All of lore.kernel.org
 help / color / mirror / Atom feed
* [Qemu-devel] [RFC PATCH 00/13] VT-d replay and misc cleanup
@ 2016-12-06 10:36 Peter Xu
  2016-12-06 10:36 ` [Qemu-devel] [RFC PATCH 01/13] intel_iommu: allocate new key when creating new address space Peter Xu
                   ` (16 more replies)
  0 siblings, 17 replies; 33+ messages in thread
From: Peter Xu @ 2016-12-06 10:36 UTC (permalink / raw)
  To: qemu-devel
  Cc: tianyu.lan, kevin.tian, mst, jan.kiszka, bd.aviv, peterx,
	alex.williamson, jasowang

This RFC series is a continue work for Aviv B.D.'s vfio enablement
series with vt-d. Aviv has done a great job there, and what we still
lack there are mostly the following:

(1) VFIO got duplicated IOTLB notifications due to splitted VT-d IOMMU
    memory region.

(2) VT-d still haven't provide a correct replay() mechanism (e.g.,
    when IOMMU domain switches, things will broke).

Here I'm trying to solve the above two issues.

(1) is solved by patch 7, (2) is solved by patch 11-12.

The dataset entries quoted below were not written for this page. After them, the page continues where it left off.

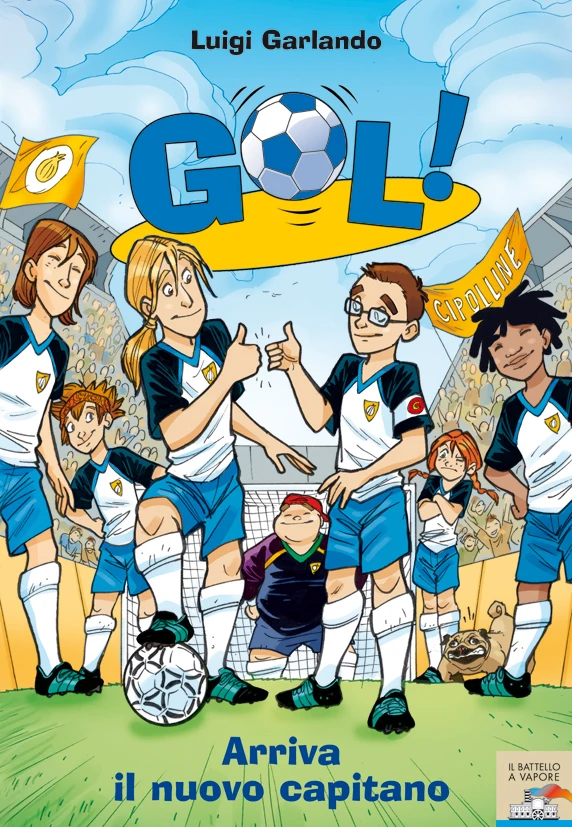 Gol - 8. Arriva il nuovo capitano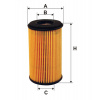 Olejový filter FILTRON (cross-ref.: SH4786P) (Ref.: MANN HU611x | MAHLE OX209DECO |: FILTRON OE666)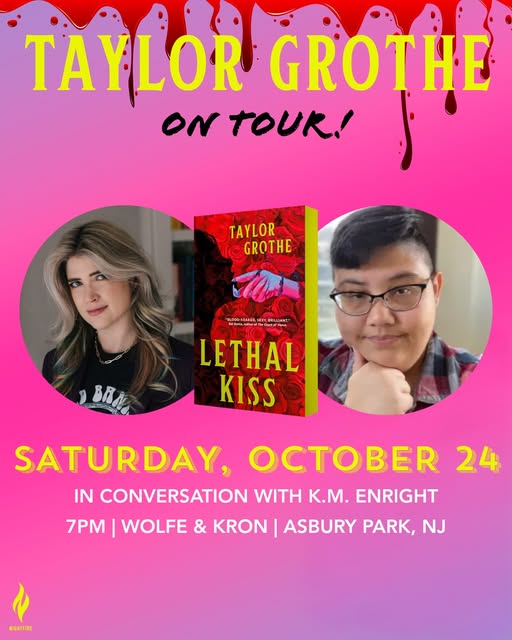 Taylor Grothe On Tour: In Conversation with K.M. Enright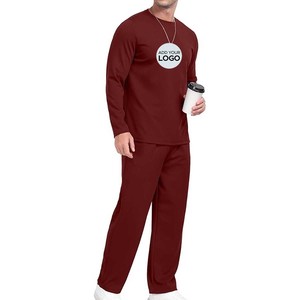<b>Men's</b> Hoodie Tracksuit 2 Pieces Set Color <b>Pullover</b> Fleece Sweatshirt Long Sleeve Casual Sweatshirt Sweatsuit - Product Image 3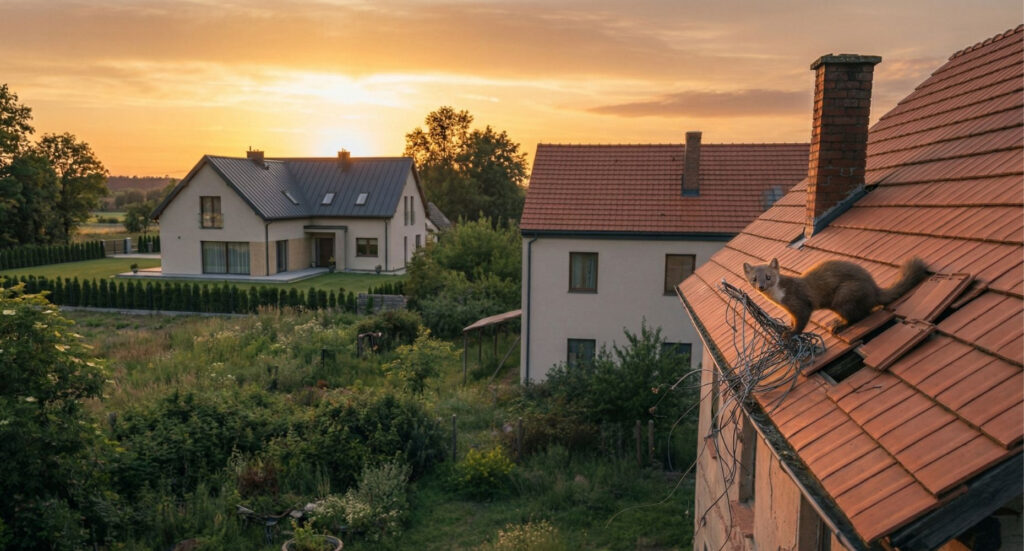 Jak naprawić dach po kunie - wymiana czy naprawa izolacji?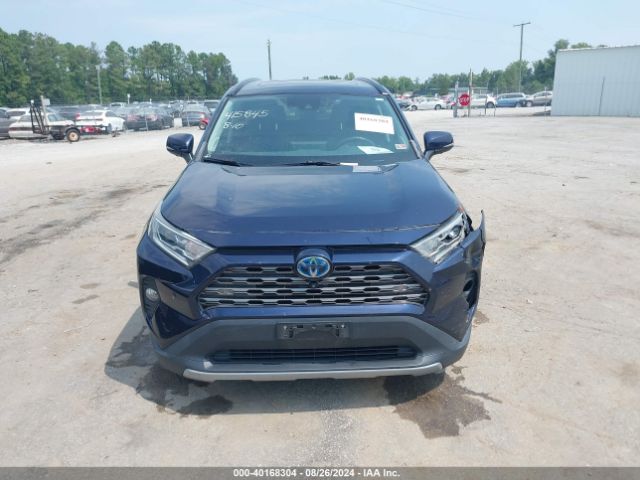 2T3DWRFV7KW030618 Toyota Rav4 Hybrid Limited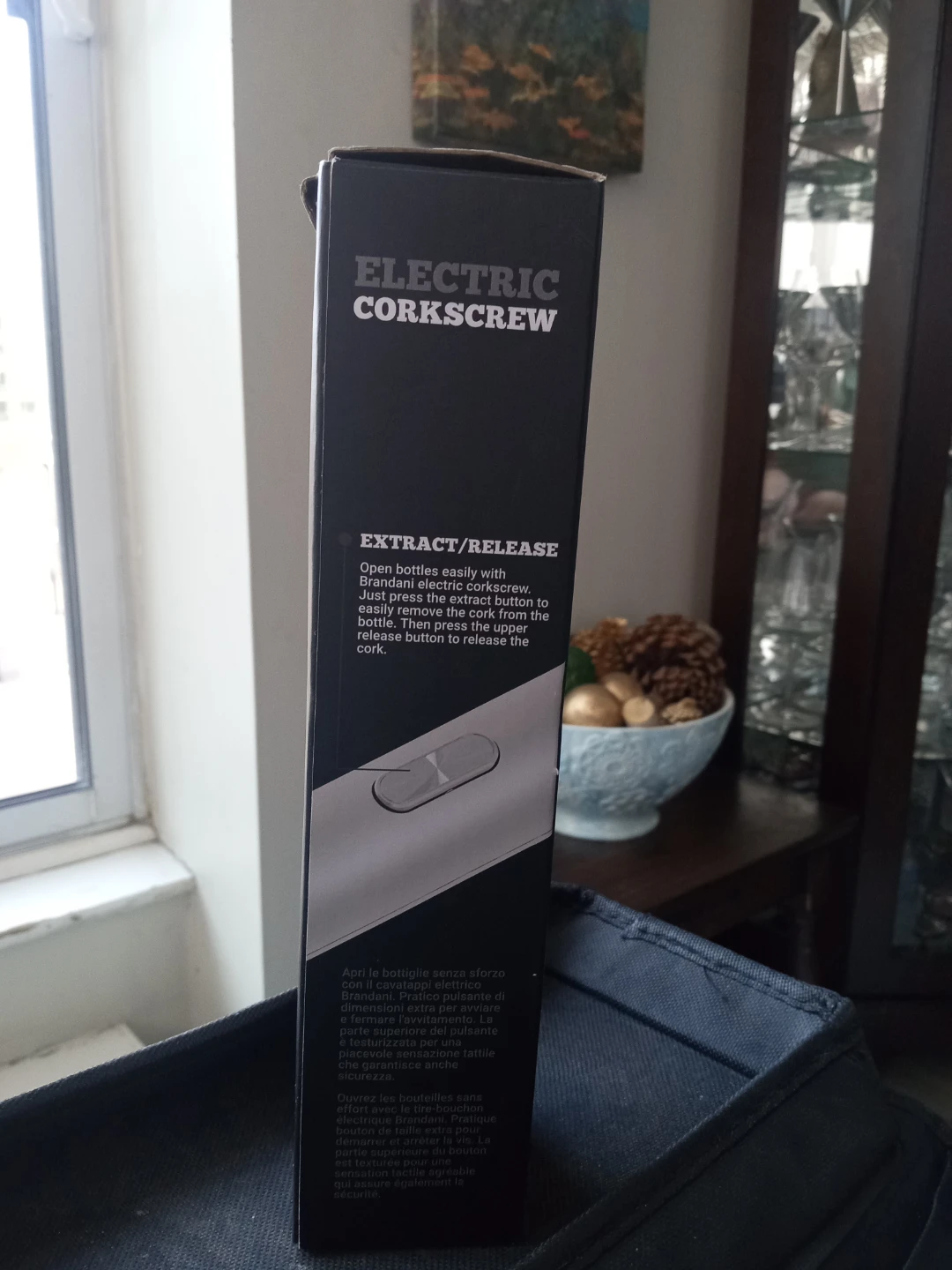 Brandani Electric Corkscrew - photo 3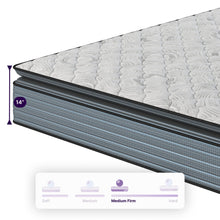 Load image into Gallery viewer, Isabella - 14" Hybrid Pillow Top Mattress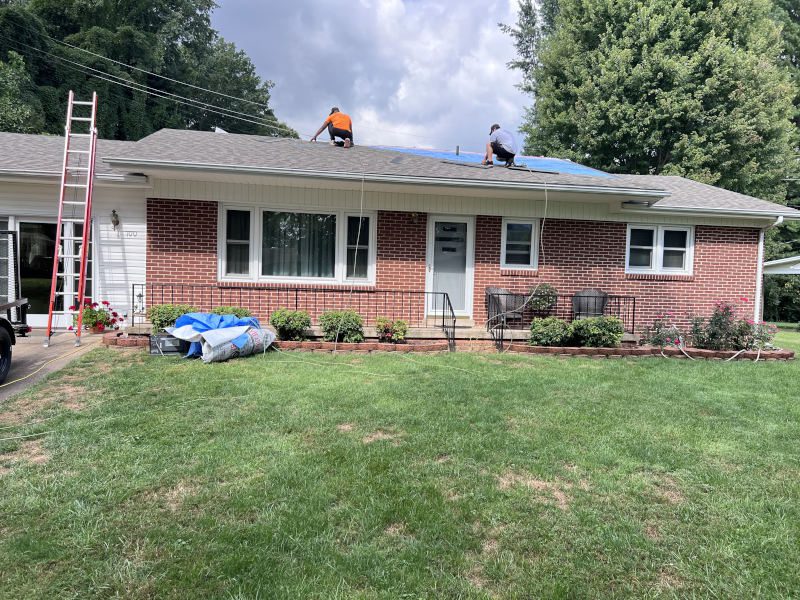 Emergency Roof Repairs in Asheville, North Carolina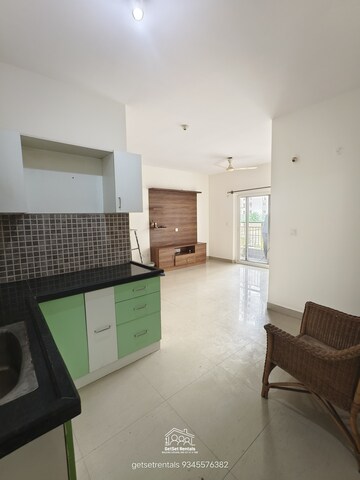 Kitchen in 2 BHK Apartment at SJR Primecorp Parkway Homes, Sarjapur Road – for Rent
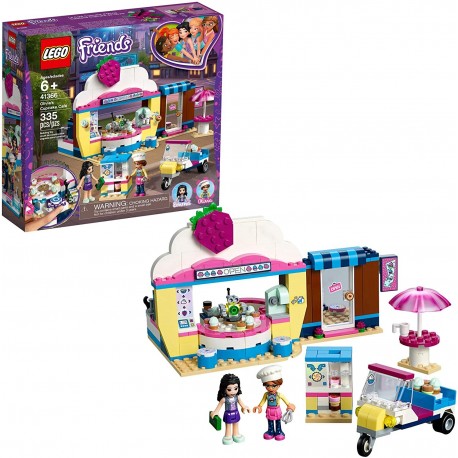 LEGO Friends Olivia's Cupcake Café 41366 Building Kit (335 Pieces)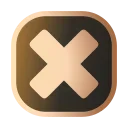 ❌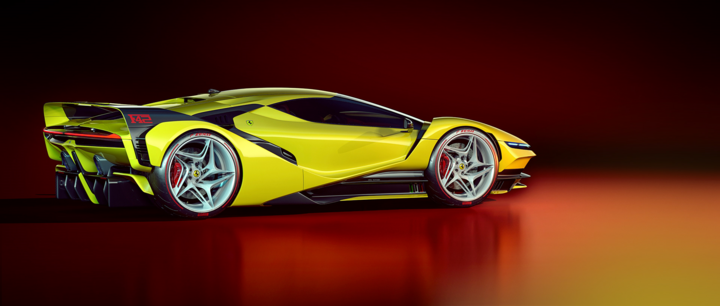 Concept Ferrari F42: Bản thiết kế siêu đẹp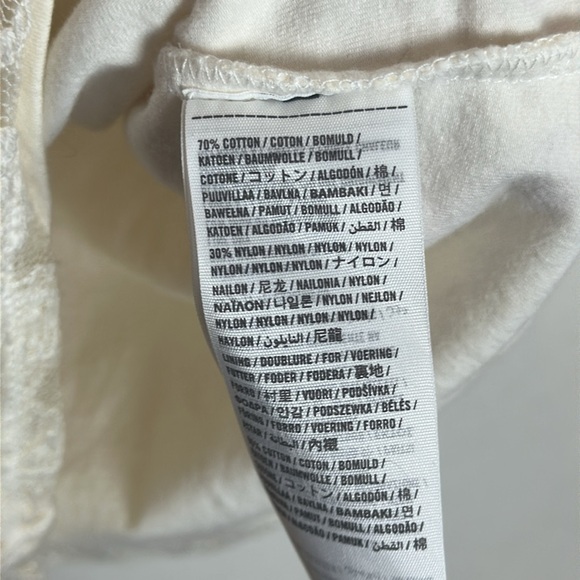 Abercrombie & Fitch Long Sleeve Lace Body-Con Mini Dress Size Small - Picture 7 of 16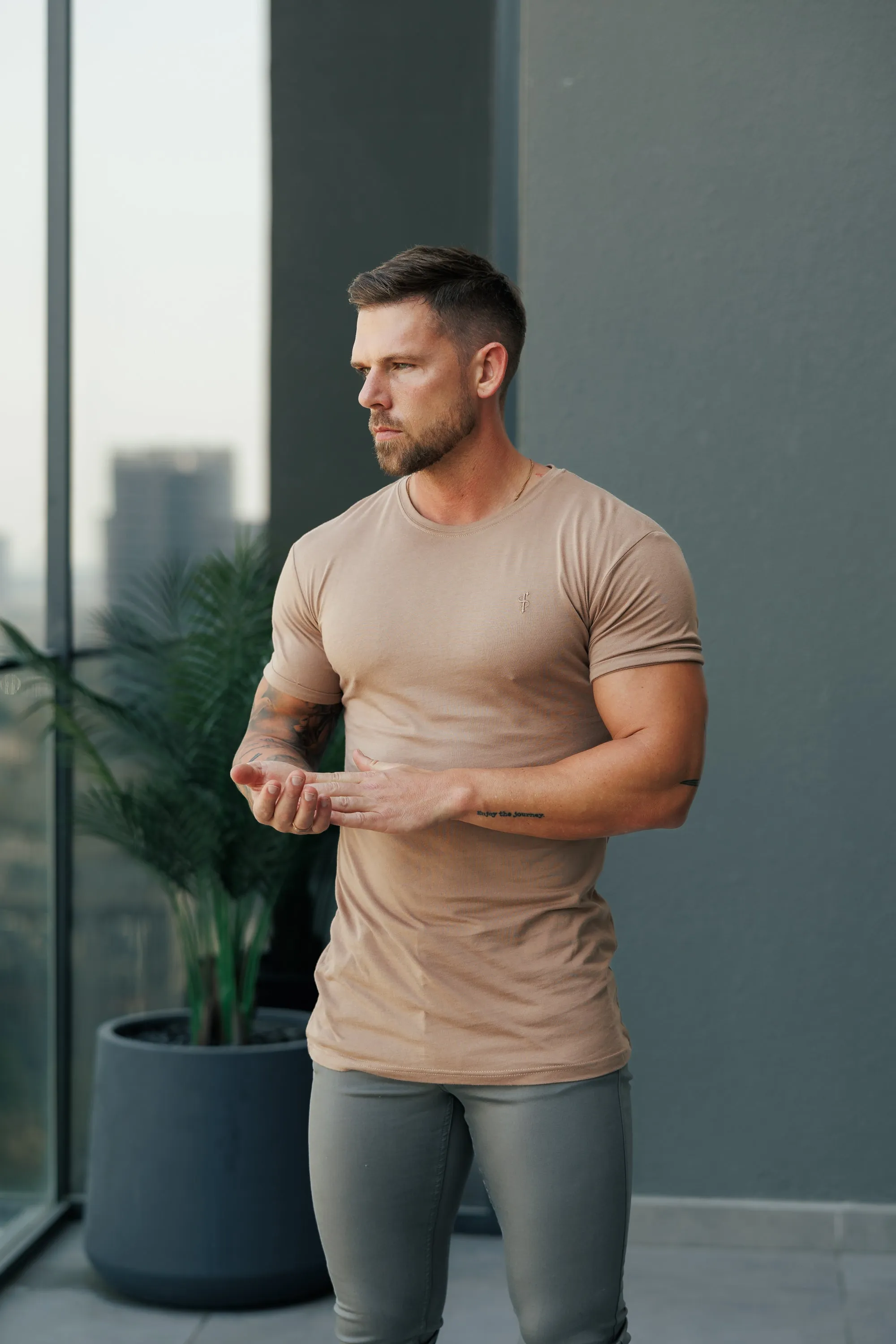 Father Sons Coffee Bamboo Crew - FSH1178 sold by Father Sons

Basically it contains the following:

patch 1:    picked up from Jason's vhost DMAR series, which is a bugfix

patch 2-6:  Cleanups/Enhancements for existing vt-d codes (please see
            specific commit message for details, there are patches
            that I thought may be suitable for 2.8 as well, but looks
            like it's too late)

patch 7:    Solve the issue that vfio is notified more than once for
            IOTLB notifications with Aviv's patches

patch 8-10: Some trivial memory APIs added for further patches, and
            add customize replay() support for MemoryRegion (I see
            Aviv's latest v7 contains similar replay, I can rebase
            onto that, merely the same thing)

patch 11:   Provide a valid vt-d replay() callback, using page walk

patch 12:   Enable the domain switch support - we replay() when
            context entry got invalidated

patch 13:   Enhancement for existing invalidation notification,
            instead of using translate() for each page, we leverage
            the new vtd_page_walk() interface, which should be faster.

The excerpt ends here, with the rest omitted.